- EXCERPTED DATA:

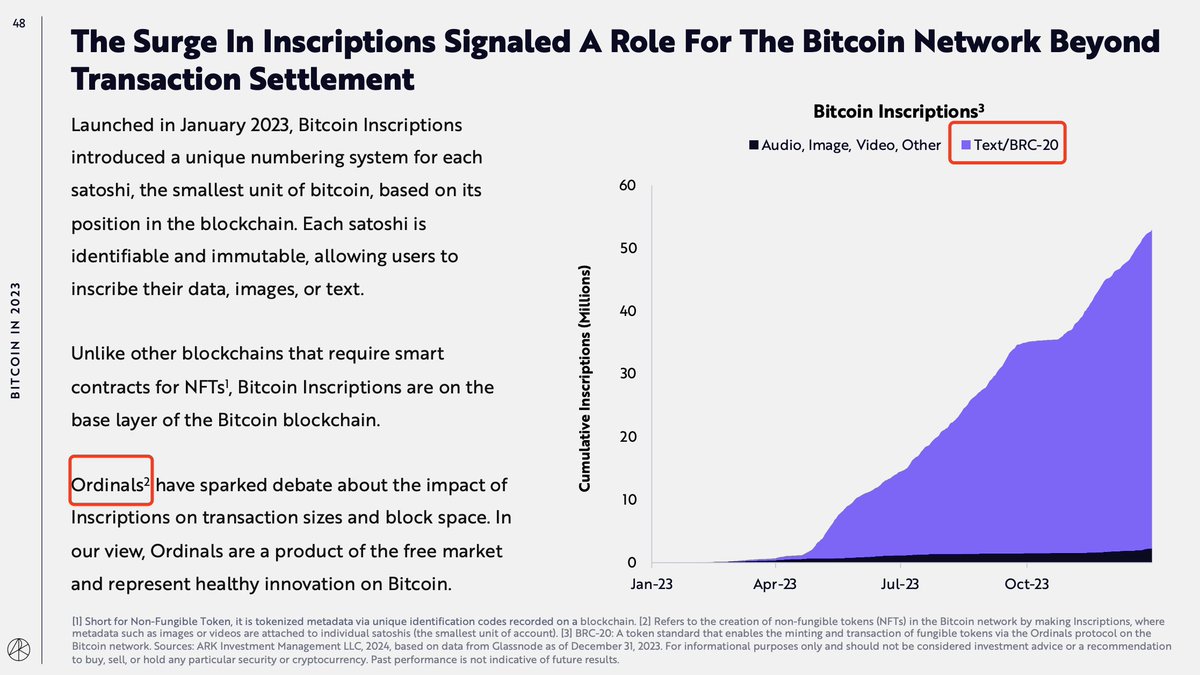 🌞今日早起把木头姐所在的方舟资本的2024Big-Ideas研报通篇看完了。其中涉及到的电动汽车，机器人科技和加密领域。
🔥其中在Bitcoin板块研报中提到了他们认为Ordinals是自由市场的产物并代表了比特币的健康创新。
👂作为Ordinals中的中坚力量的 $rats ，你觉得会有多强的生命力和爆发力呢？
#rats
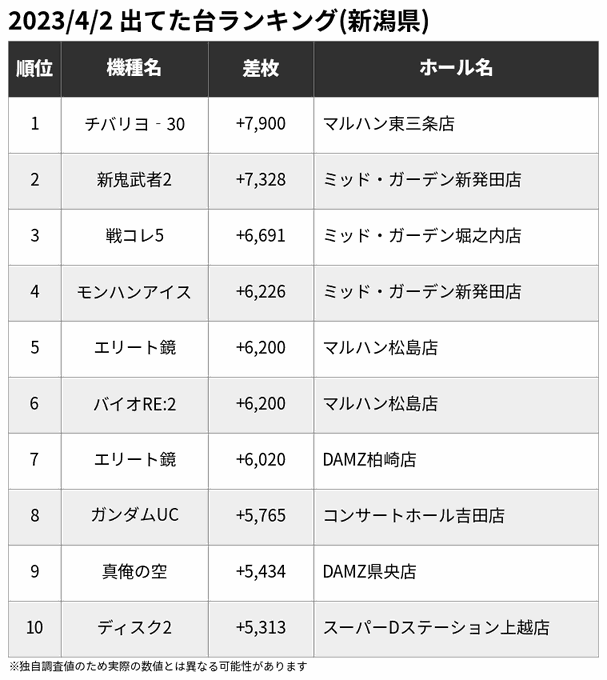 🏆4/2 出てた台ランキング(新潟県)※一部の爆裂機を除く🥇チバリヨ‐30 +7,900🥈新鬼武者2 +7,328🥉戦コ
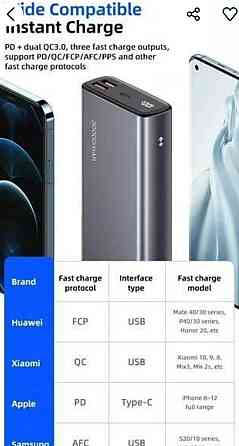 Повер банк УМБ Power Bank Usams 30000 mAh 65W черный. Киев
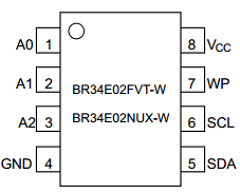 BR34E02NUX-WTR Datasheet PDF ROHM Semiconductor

- DIRECTIONS: A complete answer lists every line of the listing above that holds the word "rats".

- YOUR SOLUTION:
👂作为Ordinals中的中坚力量的 $rats ，你觉得会有多强的生命力和爆发力呢？
#rats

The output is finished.